November 02, 1990|By PETER SCHMUCK

The incarceration of Pete Rose brought baseball moralists out of the woodwork by the thousands and kicked off a lively debate.

The question at the time was this:

Should a convicted felon be allowed entrance into the Hall of Fame?

It was a legitimate question with legitimate arguments on both sides, but the answer didn't figure to arrive until Rose's name was placed on the ballot in 1992 and the approximately 450 voting members of the Baseball Writers Association of America had their say.

Now, there is speculation that an answer will come much sooner than that, when a committee of nine meets in December or January to review the Hall of Fame selection process.

Hall of Fame director Edward Stack has convened the committee to examine selection procedures and review the Rules for Election. That, in itself, is not unusual, but the curious timing of the review has at least two committee members wondering whether Rose's Hall of Fame eligibility is going to get lost in a hidden agenda.

"Suddenly, this happens a year before a guy who could be a sticky issue is a candidate," BBWAA executive secretary Jack Lang said. "It has every indication of being an attempt to keep Pete Rose off the ballot."

The review has been scheduled ostensibly because of inconsistencies in the selection process. Hall of Fame candidates are chosen by a screening committee, then must be named on 75 percent of the ballots cast to get into Cooperstown. Players passed over in the BBWAA voting eventually can be elected by the Hall of Fame Veterans xTC Committee, which includes longtime baseball executives, baseball writers and former players.

Though no specific rules changes have been discussed, there has been talk about altering the eligibility requirements to prevent the induction of players who have been banned from baseball.

"That's been a suggestion made by some of the baseball writers," said Hall of Fame associate director Bill Guilfoile. "Whether that will come up for discussion, I don't know."

But Lang said that he has heard no such sentiment from any member of the BBWAA, and fellow committee member Frank Dolson of the Philadelphia Inquirer said recently that he feared the rules review was just an excuse to try to get Rose off the ballot.

"I don't know if it's a sham," Dolson told the Cincinnati Enquirer, "but I suspect that it is."
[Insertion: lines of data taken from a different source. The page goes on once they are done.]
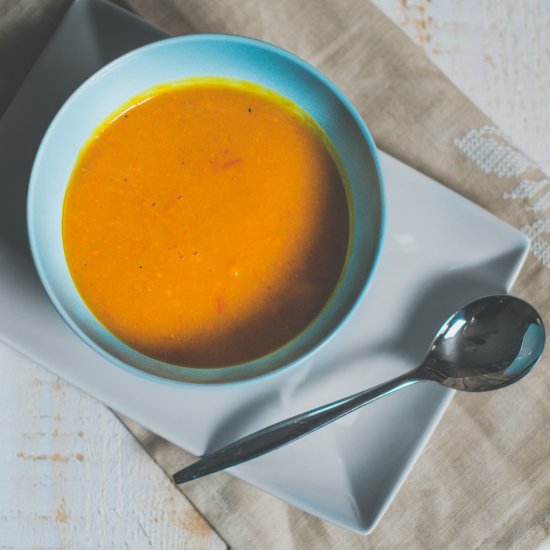 Pumpkin Bell Pepper Soup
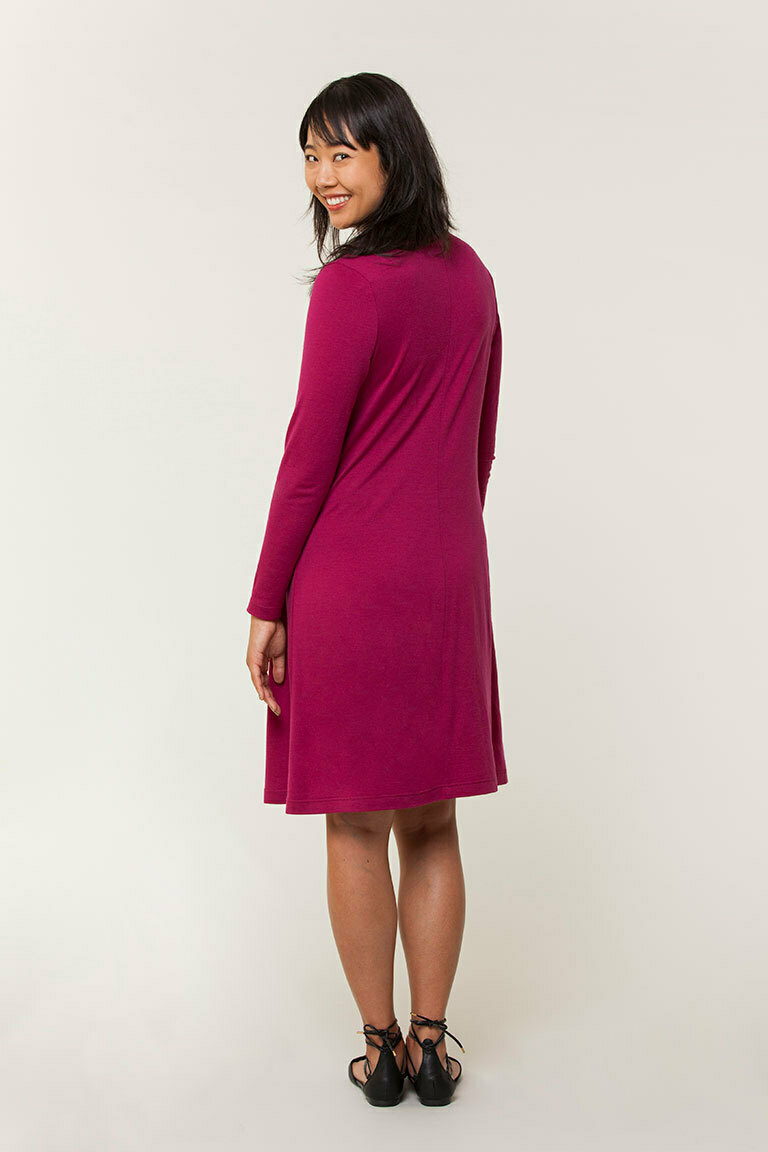 The Piedra sewing pattern, from Seamwork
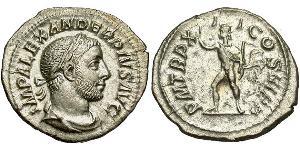 1 Denier Empire romain (27BC-395) Argent Severus Alexander (208-235)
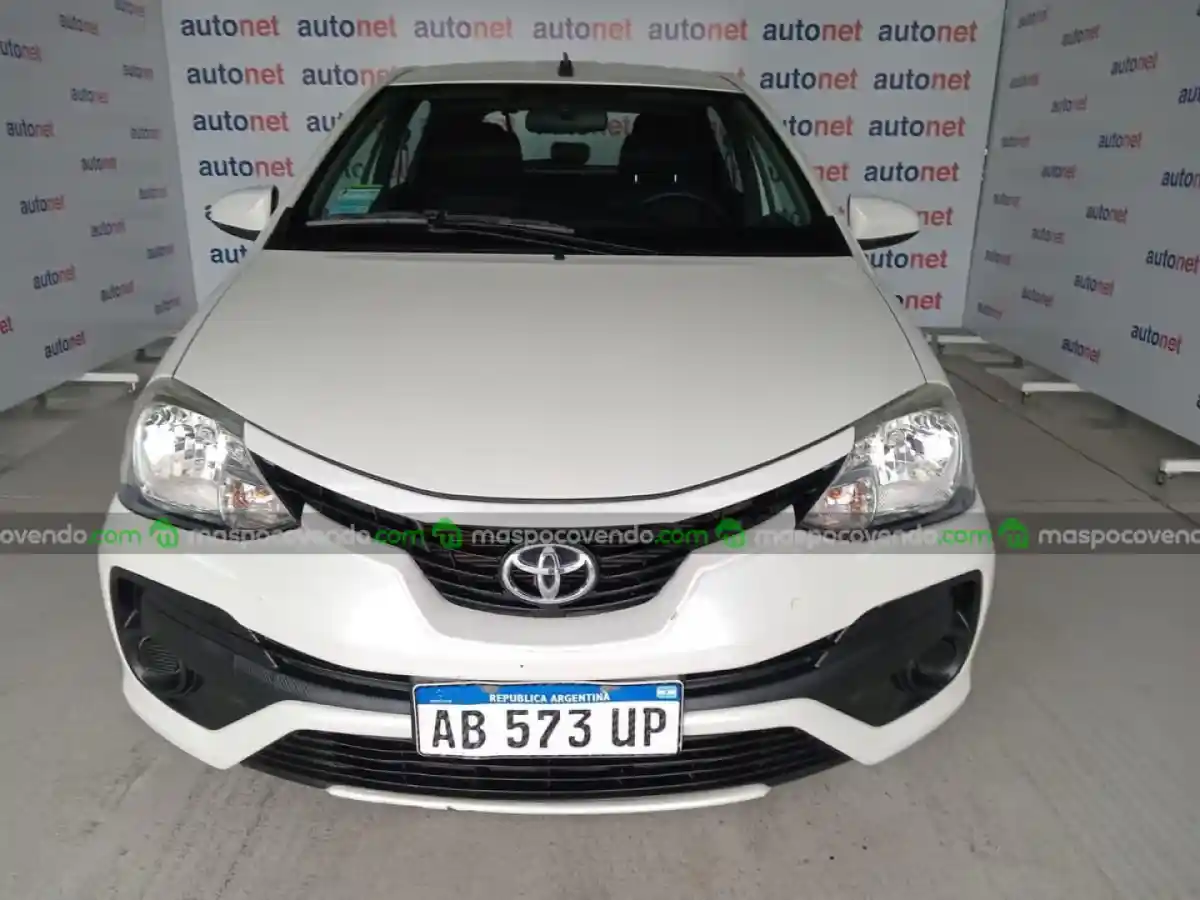 Toyota 2017 Etios 1.5 4P X 6Mt  2017 - foto 2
The board of directors of the Hall of Fame has the power to alter the rules at its discretion, but Lang and Dolson say that the BBWAA's traditional role in the selection process should not be circumvented by rules that would keep specific players off the ballot.

It would seem more logical to allow a committee of 450 to elect a player by a 75 percent vote than to allow a committee of nine to reject him by a simple majority, but it could happen.

"I think the thing should be left up to the writers," Lang said. "We'll be the heroes or villains if Rose gets in or doesn't get in. It has always been the writers who decide, and they [the Hall's board of directors] have never questioned anybody the BBWAA has selected."

There are some loopholes in the selection process that the BBWAA would like to see reviewed, however.

"The Veterans Committee has admitted players who were soundly rejected by the BBWAA voting body," Lang said, "so the BBWAA would like to see tougher eligibility requirements for candidates who have been passed over in the balloting.

"The Veterans Committee selected Rick Ferrell, although he got only five votes in all the years he was on the ballot," Lang said. "We think they should have to come reasonably close to the 75 percent requirement. I've been asked to propose that nobody be considered by the Veterans Committee who did not get at least 66 2/3 percent of the vote in any one year."

That proposal doesn't figure to be embraced by the Veterans Committee, but it does show that the BBWAA is committed to keeping the Hall of Fame a very exclusive place.


The Philadelphia Phillies did Mickey Tettleton a big favor when they signed catcher Darren Daulton to a three-year contract worth $6.75 million, but that doesn't figure to change the chemistry of Tettleton's negotiations with the Baltimore Orioles.

The Orioles can feign outrage if they want to, but Daulton turned down a three-year, $6.6 million offer during the regular season. This contract was no great surprise.

"I don't know if it helps us as far as the Baltimore Orioles are concerned, but it certainly helps us as far as Mickey Tettleton is concerned," said agent Tony Attanasio. "It simply reaffirms for us that there is a market out there for catchers in Mickey's class."

Tettleton's offensive numbers are comparable to Daulton's (his two-year numbers are much better, in fact), but the Orioles have been unwilling to discuss a multiyear contract. They have, in essence, asked Tettleton to go out and make the best deal he can, then bring it back and give them a chance to match it.